* Aim of the exercise:
Look through the entries below and extract exactly the lines from the one containing "Casual Woven Pattern" through the one containing "Zombie man vector", ends included.

* Dataset content:
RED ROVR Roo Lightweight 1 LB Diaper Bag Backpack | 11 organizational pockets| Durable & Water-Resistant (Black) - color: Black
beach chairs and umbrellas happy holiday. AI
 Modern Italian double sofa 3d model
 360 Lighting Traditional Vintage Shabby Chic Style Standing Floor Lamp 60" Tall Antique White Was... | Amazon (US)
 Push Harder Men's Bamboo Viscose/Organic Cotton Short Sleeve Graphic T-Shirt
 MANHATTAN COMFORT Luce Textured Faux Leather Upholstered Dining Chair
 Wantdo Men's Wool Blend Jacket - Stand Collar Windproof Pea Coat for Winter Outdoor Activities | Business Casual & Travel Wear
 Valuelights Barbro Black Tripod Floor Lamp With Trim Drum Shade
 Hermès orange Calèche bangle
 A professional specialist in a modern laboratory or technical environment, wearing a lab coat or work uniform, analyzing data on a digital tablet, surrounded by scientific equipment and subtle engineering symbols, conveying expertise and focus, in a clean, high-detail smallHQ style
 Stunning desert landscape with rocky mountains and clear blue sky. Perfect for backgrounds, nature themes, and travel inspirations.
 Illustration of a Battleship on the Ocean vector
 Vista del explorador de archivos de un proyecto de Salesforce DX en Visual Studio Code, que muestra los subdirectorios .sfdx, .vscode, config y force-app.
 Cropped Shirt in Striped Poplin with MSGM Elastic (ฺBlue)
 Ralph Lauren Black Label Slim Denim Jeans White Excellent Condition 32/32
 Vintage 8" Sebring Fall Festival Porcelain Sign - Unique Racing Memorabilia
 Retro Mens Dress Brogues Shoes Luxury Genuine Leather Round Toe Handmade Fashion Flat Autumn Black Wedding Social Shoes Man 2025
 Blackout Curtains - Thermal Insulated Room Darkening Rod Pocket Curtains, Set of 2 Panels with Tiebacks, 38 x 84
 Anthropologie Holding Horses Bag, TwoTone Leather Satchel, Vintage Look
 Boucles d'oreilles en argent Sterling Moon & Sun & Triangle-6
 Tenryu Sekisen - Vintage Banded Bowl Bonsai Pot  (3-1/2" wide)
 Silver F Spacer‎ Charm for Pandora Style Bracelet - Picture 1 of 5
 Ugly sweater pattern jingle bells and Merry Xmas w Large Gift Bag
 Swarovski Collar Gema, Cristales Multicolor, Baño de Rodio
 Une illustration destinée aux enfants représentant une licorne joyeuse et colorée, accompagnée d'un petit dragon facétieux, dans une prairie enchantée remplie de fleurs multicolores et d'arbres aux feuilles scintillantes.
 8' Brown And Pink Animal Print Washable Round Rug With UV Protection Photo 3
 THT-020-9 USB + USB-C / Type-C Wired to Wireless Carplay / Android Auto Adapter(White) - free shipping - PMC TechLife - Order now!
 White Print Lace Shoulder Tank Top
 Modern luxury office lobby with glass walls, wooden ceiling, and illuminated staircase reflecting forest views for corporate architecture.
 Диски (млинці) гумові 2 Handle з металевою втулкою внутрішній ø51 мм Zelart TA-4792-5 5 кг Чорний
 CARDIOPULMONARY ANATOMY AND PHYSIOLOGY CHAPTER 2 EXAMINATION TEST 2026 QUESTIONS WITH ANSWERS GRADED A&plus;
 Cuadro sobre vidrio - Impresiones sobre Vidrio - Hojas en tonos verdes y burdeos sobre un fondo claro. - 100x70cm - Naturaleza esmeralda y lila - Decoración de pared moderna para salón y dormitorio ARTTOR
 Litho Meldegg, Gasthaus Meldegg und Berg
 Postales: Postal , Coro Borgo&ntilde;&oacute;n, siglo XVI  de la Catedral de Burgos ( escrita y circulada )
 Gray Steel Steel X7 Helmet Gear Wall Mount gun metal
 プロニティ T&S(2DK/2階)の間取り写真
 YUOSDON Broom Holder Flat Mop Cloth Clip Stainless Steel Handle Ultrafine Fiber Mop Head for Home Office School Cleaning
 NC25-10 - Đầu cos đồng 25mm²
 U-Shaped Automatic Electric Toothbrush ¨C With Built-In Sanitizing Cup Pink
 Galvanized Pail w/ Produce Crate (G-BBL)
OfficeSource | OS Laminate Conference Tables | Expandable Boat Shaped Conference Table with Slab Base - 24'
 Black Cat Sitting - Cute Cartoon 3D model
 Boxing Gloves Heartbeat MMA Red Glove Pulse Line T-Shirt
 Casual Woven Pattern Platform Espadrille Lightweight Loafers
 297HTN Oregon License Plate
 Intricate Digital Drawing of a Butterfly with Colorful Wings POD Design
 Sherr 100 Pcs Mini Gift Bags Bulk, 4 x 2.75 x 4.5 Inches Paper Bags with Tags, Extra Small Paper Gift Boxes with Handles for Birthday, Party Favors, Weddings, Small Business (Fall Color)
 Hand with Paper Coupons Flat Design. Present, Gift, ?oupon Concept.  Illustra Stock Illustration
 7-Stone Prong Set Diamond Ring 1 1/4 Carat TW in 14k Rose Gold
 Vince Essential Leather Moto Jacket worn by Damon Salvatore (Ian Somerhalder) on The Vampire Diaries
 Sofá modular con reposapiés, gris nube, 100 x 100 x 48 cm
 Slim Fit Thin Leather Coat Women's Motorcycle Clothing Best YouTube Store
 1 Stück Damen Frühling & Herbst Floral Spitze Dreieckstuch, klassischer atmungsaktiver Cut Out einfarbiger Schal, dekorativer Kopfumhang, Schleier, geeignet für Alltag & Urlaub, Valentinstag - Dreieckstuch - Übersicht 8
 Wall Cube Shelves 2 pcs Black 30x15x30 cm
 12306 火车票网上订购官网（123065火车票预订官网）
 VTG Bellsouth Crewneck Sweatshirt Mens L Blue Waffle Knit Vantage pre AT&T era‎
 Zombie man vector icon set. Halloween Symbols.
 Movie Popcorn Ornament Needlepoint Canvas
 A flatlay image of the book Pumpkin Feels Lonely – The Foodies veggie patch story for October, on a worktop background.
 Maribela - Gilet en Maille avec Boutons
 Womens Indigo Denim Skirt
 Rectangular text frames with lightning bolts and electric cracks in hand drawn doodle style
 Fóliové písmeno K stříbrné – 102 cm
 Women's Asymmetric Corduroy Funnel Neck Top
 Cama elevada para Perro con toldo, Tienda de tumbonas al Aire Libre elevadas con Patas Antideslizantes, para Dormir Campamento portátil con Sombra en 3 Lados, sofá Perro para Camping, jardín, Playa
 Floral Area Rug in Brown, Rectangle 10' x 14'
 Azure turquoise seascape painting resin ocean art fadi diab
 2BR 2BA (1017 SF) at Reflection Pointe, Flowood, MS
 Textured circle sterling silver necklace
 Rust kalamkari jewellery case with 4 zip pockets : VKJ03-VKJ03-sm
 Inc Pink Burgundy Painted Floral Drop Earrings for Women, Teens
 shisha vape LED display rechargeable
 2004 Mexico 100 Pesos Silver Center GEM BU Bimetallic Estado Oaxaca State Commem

* Output of the task:
 Casual Woven Pattern Platform Espadrille Lightweight Loafers
 297HTN Oregon License Plate
 Intricate Digital Drawing of a Butterfly with Colorful Wings POD Design
 Sherr 100 Pcs Mini Gift Bags Bulk, 4 x 2.75 x 4.5 Inches Paper Bags with Tags, Extra Small Paper Gift Boxes with Handles for Birthday, Party Favors, Weddings, Small Business (Fall Color)
 Hand with Paper Coupons Flat Design. Present, Gift, ?oupon Concept.  Illustra Stock Illustration
 7-Stone Prong Set Diamond Ring 1 1/4 Carat TW in 14k Rose Gold
 Vince Essential Leather Moto Jacket worn by Damon Salvatore (Ian Somerhalder) on The Vampire Diaries
 Sofá modular con reposapiés, gris nube, 100 x 100 x 48 cm
 Slim Fit Thin Leather Coat Women's Motorcycle Clothing Best YouTube Store
 1 Stück Damen Frühling & Herbst Floral Spitze Dreieckstuch, klassischer atmungsaktiver Cut Out einfarbiger Schal, dekorativer Kopfumhang, Schleier, geeignet für Alltag & Urlaub, Valentinstag - Dreieckstuch - Übersicht 8
 Wall Cube Shelves 2 pcs Black 30x15x30 cm
 12306 火车票网上订购官网（123065火车票预订官网）
 VTG Bellsouth Crewneck Sweatshirt Mens L Blue Waffle Knit Vantage pre AT&T era‎
 Zombie man vector icon set. Halloween Symbols.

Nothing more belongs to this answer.